The two areas of NSW with the highest uptake of home schooling are Western Sydney, followed by the Hunter region.
Dr David Roy from the University of Newcastle, who works closely with governments and disability advocacy groups, says that unlike many other states, NSW publishes detailed records, and they paint an interesting picture that is ignored at federal level.
“Whilst mainstream schools increase in enrolment at the equivalent population growth level of c.2%, home schooling as a choice has increased by 61% of the last five years up to 5,906 students by December 2019; remembering this is pre-COVID19,” Roy told The Educator.
“Interestingly numbers do not decrease when children move from Primary age learning to Secondary age learning and there is a fairly even balance of gender uptake. Therefore, the reasons why people are opting for home schooling rather than mainstream becomes key”.
Dr Roy said families are asked why they are choosing to home school, although responses are optional in the registration process, with 17% choosing not to give a reason and 27% having an unclassified reason.

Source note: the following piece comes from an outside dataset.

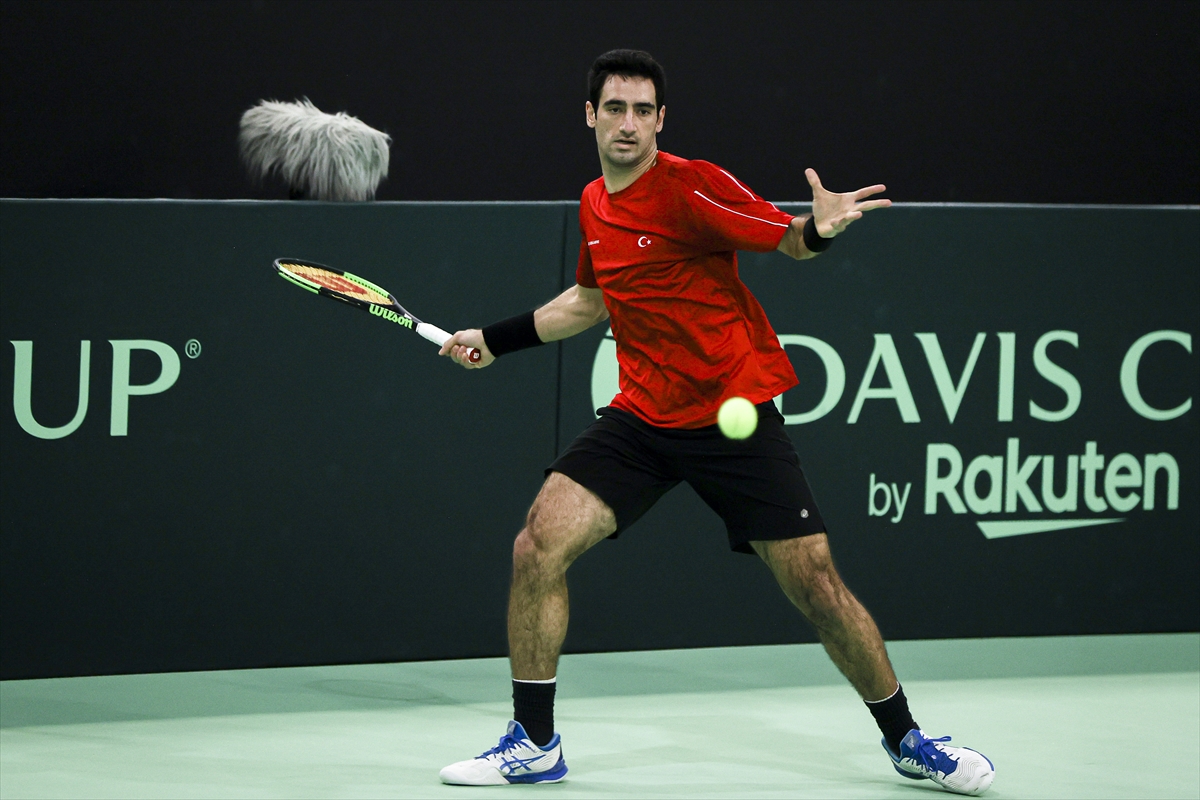 A Milli Erkek Tenis Takımı, Davis Kupası'na iyi başladı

Of the categories offered, the largest reasoning is Special learning needs (including disability) which has increased to 25%.
“Speaking to families it is clear that many, rather than choosing to home school, feel there is no other option given the lack of support or discrimination that children with a disability find in public schools,” Roy said.
“Three years and three ministers of education after the NSW Parliamentary Inquiry into the education of children with a disability, nothing appears to have changed. Segregation and denial of curriculum and assault of children by adults in schools is still happening”.
According to the data, 24% of choice for home schooling is through philosophical reasons, as in wanting to move away from mass classroom education and focus on individual learning. Religious reasons are lowering to 6% of choice and bullying remains at less than 1% of the reasoning.
Dr Roy said that as more materials and teaching resources are available online, and the increasing number of social support groups for children and parents, home schooling is no longer the exception but being recognised as a fourth system in NSW.
“The pandemic shut down has shown to parents the potential viability of learning from home, and whilst greatly supported by teachers and a schools, it will be interesting to see how many families choose to continue on this route, despite the obvious financial sacrifice required to home school [no education funding form State of Federal level is made available to children whom home school],” he said.
Roy said the NSW Department of Education may need to consider making distance education more widely available if they wish to “stem the steady trickle of children from the mainstream system to the home”.
“They have previously said it wasn’t possible to expand. Their teaching staff have proven the executives wrong in the past three months”.